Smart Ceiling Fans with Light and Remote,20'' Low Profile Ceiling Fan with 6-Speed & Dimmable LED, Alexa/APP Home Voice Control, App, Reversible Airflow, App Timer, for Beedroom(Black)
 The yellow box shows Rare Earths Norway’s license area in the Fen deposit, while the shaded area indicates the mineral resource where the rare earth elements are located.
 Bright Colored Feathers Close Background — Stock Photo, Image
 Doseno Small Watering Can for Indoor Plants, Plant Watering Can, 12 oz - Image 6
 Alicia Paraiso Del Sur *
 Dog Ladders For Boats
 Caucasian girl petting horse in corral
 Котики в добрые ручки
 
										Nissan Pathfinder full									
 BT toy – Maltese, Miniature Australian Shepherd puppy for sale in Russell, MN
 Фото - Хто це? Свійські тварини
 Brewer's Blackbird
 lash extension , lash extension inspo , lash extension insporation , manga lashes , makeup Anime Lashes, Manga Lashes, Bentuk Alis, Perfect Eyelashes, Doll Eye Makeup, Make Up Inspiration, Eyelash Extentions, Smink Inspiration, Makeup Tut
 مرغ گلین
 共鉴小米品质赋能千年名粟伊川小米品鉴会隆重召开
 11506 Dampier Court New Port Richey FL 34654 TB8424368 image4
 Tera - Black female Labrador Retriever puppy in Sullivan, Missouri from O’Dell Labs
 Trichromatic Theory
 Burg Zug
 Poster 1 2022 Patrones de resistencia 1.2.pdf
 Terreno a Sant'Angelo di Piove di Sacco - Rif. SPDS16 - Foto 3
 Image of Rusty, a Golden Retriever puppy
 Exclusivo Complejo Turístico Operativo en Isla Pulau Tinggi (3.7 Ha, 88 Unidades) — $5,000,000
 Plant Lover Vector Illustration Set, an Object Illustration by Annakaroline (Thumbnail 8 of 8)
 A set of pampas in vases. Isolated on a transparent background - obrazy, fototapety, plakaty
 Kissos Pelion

[What you should do]
Show each line in the data where the string "puppy" appears.

[Your solution]
 BT toy – Maltese, Miniature Australian Shepherd puppy for sale in Russell, MN
 Tera - Black female Labrador Retriever puppy in Sullivan, Missouri from O’Dell Labs
 Image of Rusty, a Golden Retriever puppy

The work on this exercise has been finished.